This work is meant to be reconfigured as the owner sees fit and can be adjusted or reversed to display several different optical images.

Selected Museum Collections

The Museum of Modern Art, New York

The Whitney Museum of American Art, New York

The Metropolitan Museum of Art, New York

Museum of Contemporary Art, Chicago  


Condition

This John Goodyear Op Art screenprint is in museum quality condition without condition issues, floated in white wood frame with plexiglass. 

In a career that spanned more than six decades, John Goodyear utilized painting, drawing, light, optics, installation, and heat to engage his audience and re-contextualize the viewer’s present observation. These shifting views created throughout his career reveal a body of work that lends itself to both reflection on the inner self and discovery of the outside world. Goodyear said it simply and best: “Art makes one see, what one sees makes art.”

John Goodyear’s works are held in over sixty museum collections worldwide including the Metropolitan Museum of Art, New York; the Museum of Modern Art, New York; National Museum of American Art, Smithsonian Institution, Washington, DC; Solomon R. Guggenheim Museum, New York; and the Whitney Museum of American Art, New York, among many others. 

John Goodyear was born in Los Angeles, California in 1930; in 1947 he won a full tuition scholarship to the University of Michigan, Ann Arbor, graduating with a Bachelor in Design in 1952. In 1954 he received his Masters of Design from the University. Following graduation he immediately was drafted into the U.S. Army and served two years in Japan, where his wife, Anne Dixon, whom he met at and married in college, joined him. His service in Japan would have an important impact on his work: Japanese architecture and Zen Buddhism led to the sparse ambiguity that would go on to characterize his work.

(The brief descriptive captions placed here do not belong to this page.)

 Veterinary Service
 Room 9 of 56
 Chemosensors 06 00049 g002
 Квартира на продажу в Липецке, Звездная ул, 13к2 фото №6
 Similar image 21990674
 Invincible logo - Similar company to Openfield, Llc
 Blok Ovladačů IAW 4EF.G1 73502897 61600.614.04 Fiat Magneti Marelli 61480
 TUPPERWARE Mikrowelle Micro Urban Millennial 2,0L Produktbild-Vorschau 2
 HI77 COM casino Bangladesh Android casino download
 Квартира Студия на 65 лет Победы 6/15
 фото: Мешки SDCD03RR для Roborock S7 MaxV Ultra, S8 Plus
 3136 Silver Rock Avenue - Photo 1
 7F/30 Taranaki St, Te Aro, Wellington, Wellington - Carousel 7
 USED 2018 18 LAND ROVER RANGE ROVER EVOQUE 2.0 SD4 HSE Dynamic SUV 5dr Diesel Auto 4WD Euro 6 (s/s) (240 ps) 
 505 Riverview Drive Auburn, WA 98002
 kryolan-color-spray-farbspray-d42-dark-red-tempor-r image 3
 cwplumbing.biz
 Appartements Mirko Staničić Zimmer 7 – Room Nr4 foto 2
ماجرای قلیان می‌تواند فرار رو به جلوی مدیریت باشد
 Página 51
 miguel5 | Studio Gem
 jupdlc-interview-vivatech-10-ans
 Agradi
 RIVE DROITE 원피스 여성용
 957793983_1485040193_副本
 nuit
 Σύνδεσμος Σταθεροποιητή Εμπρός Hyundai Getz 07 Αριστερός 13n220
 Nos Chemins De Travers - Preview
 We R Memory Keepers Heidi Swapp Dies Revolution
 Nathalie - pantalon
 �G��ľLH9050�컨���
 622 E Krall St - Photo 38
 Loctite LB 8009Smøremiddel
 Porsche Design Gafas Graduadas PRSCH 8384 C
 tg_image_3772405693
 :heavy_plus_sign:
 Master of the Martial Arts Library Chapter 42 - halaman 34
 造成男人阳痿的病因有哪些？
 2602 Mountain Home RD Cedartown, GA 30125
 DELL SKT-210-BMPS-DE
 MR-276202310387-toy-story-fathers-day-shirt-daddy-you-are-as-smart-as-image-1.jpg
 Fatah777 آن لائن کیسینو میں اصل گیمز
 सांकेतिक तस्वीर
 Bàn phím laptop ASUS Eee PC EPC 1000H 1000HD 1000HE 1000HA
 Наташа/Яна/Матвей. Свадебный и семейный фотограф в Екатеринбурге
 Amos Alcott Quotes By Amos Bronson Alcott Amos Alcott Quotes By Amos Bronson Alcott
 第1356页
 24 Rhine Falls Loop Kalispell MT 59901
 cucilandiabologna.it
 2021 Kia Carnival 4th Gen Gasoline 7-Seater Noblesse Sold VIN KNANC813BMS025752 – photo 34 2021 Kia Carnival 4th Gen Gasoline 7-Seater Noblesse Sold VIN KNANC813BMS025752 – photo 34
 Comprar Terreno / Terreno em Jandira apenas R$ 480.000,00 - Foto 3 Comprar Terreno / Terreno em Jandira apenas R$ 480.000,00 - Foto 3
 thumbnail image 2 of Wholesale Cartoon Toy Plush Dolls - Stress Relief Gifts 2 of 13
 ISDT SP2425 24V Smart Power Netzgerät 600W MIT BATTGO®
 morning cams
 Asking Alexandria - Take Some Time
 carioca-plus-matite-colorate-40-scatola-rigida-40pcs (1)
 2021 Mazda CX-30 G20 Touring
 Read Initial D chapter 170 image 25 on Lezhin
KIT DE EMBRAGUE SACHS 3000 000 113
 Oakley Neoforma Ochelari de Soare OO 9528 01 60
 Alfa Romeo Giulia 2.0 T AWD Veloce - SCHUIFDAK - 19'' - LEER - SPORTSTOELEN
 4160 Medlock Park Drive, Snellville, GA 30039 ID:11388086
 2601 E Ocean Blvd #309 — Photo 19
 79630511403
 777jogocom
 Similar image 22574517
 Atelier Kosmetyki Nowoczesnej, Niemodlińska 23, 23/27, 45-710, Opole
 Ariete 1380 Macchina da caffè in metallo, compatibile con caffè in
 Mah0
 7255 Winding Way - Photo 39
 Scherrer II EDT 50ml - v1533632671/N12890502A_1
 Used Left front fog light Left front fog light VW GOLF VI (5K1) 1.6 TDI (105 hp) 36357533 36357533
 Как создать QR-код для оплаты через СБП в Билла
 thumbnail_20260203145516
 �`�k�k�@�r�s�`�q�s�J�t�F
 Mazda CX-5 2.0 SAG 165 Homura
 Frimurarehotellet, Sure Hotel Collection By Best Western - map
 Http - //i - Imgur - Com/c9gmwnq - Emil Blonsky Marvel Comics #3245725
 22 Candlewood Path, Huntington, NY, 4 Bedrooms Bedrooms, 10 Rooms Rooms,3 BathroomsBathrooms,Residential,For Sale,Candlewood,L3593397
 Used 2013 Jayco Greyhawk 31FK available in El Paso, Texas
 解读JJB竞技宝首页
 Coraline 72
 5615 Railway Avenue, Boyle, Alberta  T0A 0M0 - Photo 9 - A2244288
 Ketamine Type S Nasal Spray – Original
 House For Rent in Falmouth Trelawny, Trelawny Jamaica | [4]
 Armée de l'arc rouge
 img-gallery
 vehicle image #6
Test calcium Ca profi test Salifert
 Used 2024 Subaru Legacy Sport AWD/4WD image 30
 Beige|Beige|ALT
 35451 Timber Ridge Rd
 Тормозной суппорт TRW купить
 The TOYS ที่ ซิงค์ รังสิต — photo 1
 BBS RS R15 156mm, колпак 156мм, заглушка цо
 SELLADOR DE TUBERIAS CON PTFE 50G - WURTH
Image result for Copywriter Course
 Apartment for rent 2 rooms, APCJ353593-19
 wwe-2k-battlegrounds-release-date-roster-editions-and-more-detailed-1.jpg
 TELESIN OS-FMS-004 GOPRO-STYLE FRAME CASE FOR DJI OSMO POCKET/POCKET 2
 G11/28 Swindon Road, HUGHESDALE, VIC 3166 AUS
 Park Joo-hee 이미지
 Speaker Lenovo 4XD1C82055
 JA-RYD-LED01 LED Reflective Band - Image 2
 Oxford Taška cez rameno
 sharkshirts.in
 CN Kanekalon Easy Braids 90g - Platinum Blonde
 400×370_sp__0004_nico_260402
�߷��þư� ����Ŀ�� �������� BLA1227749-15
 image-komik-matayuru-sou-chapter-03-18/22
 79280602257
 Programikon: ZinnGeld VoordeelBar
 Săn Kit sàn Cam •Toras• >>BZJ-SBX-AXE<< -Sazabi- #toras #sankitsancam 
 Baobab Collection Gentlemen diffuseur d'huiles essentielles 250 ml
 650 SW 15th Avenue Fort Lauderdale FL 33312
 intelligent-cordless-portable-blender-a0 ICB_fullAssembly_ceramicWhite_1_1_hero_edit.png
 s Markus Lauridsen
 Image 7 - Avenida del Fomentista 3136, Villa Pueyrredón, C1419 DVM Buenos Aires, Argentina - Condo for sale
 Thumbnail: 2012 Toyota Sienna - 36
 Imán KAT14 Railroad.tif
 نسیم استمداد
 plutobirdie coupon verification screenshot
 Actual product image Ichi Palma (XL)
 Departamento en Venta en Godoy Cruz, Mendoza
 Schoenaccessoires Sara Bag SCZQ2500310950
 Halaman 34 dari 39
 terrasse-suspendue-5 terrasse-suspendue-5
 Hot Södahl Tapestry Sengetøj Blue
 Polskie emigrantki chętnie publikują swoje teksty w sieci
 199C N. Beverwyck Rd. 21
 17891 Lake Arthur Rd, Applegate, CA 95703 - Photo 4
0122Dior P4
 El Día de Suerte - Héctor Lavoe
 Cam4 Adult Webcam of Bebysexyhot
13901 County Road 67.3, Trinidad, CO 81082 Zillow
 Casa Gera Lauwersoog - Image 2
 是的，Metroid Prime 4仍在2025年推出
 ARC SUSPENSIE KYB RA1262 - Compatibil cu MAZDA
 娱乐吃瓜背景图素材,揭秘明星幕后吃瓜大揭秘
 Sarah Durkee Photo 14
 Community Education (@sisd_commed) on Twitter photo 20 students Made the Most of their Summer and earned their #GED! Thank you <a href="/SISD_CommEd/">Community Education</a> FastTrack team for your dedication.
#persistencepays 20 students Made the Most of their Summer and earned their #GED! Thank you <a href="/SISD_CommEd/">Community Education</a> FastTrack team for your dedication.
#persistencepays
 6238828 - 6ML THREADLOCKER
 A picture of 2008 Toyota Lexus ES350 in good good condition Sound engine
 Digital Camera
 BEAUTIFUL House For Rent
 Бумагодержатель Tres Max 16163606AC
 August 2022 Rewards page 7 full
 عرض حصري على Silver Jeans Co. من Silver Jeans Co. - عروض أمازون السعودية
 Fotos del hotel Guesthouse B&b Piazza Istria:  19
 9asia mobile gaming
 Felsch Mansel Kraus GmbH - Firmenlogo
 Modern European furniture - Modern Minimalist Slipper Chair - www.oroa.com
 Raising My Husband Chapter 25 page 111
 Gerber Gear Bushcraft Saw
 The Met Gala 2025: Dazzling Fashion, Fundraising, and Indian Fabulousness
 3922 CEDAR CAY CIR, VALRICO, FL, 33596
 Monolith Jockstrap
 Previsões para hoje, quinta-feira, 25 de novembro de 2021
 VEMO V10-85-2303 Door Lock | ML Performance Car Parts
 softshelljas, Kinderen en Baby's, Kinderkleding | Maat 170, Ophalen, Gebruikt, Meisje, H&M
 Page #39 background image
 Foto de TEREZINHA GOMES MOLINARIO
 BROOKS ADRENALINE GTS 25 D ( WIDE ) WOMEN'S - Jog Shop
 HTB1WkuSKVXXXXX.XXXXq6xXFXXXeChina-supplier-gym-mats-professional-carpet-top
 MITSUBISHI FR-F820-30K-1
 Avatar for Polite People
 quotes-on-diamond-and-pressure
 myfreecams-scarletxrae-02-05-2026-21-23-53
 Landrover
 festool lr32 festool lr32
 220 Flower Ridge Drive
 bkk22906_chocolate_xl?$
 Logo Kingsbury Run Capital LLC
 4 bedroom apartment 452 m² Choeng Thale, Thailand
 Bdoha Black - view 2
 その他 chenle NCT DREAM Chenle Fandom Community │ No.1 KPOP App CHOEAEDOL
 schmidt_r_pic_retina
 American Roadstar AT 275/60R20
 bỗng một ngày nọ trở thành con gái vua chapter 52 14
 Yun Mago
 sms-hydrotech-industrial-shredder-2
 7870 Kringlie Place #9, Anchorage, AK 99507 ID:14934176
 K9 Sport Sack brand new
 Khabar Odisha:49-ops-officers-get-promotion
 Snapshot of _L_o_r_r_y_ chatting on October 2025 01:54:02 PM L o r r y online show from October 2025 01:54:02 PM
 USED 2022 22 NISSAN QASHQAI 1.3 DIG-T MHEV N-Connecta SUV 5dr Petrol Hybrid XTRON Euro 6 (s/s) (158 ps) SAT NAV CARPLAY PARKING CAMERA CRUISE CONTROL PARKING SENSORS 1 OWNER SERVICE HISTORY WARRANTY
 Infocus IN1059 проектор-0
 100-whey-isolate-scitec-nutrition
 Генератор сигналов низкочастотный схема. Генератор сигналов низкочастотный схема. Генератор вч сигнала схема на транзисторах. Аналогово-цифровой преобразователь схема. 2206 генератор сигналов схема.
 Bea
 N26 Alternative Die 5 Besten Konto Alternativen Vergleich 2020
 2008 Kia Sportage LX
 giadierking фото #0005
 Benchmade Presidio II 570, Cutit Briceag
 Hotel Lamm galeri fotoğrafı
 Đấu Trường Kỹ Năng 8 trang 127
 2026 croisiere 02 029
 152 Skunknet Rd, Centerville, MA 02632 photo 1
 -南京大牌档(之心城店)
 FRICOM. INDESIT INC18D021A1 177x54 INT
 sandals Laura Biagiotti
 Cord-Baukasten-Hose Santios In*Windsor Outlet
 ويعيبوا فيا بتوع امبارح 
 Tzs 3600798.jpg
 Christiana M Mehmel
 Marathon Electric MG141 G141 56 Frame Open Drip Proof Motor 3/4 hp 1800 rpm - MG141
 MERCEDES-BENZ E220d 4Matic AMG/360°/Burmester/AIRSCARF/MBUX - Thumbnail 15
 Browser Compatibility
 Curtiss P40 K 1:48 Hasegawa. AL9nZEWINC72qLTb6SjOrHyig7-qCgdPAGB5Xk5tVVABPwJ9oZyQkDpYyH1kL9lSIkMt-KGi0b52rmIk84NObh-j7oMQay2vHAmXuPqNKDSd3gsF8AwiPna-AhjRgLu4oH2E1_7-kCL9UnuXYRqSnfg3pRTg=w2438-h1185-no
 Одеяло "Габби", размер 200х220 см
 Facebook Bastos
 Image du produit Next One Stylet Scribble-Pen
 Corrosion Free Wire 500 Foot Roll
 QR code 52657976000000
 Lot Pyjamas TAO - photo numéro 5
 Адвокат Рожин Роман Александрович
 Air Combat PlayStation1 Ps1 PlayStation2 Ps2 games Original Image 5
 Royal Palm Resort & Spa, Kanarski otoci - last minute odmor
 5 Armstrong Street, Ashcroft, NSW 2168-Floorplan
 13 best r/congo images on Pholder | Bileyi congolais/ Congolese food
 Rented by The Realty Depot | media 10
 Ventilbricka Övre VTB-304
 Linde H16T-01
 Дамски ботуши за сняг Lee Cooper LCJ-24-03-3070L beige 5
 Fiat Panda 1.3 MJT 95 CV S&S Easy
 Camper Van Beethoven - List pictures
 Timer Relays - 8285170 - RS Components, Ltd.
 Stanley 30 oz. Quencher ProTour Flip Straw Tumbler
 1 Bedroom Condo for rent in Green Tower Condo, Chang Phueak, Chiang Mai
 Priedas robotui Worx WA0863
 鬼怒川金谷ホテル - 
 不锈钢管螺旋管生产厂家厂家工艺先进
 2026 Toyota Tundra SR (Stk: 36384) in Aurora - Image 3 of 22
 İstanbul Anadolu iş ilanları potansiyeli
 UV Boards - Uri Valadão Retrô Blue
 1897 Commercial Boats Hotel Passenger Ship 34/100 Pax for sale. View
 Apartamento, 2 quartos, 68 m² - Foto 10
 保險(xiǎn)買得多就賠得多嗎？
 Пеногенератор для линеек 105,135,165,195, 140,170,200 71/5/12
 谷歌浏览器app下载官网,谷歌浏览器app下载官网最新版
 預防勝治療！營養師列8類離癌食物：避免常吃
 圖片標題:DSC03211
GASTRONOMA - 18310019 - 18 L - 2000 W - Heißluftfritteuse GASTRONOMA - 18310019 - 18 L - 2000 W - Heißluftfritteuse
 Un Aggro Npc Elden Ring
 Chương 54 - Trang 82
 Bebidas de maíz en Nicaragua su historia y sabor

From 1956 to 1962, Goodyear taught at the University of Michigan, Grand Rapids. While painting his house in the late 1950s, Goodyear formed the idea to paint in three-dimension, resulting in works that fluctuate between painting and sculpture, in which moving parts invite the viewer to participate. In 1962 he received a grant from the Graham Foundation, which lead to a two year teaching position at the University of Massachusetts, Amherst. 

While at University of Massachusetts, Amherst, Goodyear prepared for the grant a body of work that by 1964 would become his first solo show in New York at the Amel Gallery. During the early to mid 1960s, these three-dimensional paintings resulted in suspended open grids behind which hangs a canvas with a pattern. These hanging grilles are activated not by motors but by the touch of the hand or a walk by creating optical movement, illusions of perspective, and shimmering colors. Goodyear has commented that “chance effects enliven rigid structures” and thus the viewer determines what is seen and reveals that there are multiple ways to see the same thing.

The kinetic artwork was a revolutionary break from the emotionally charged Abstract Expressionist canvases and declared art can be powerfully unemotional by challenging relationships through optical shocks and rhythmic movement. Writing about his show at Amel Gallery in The New York Times, Brian O’Doherty said, “It is in fact a staggering display of invention and virtuosity within strict disciplines, a show in which intelligence manipulates feeling with the exact and removed precision of those handling devices for shielded radioactive material.”

These kinetic constructions quickly grabbed the attention of many prestigious museums. He was included in Art of the Responsive Eye, Museum of Modern Art, New York (1965), Optic Art Today, Albright-Knox Gallery, Buffalo (1965), Light/Motion/Space, Walker Art Center, Minneapolis (1966), and three exhibitions in 1966 at the Whitney Museum of American Art, New York.

By 1964 Goodyear was teaching at the Mason Gross School of Visual Art, Rutgers University, replacing Roy Lichtenstein. Goodyear later became chairman of the Art Department.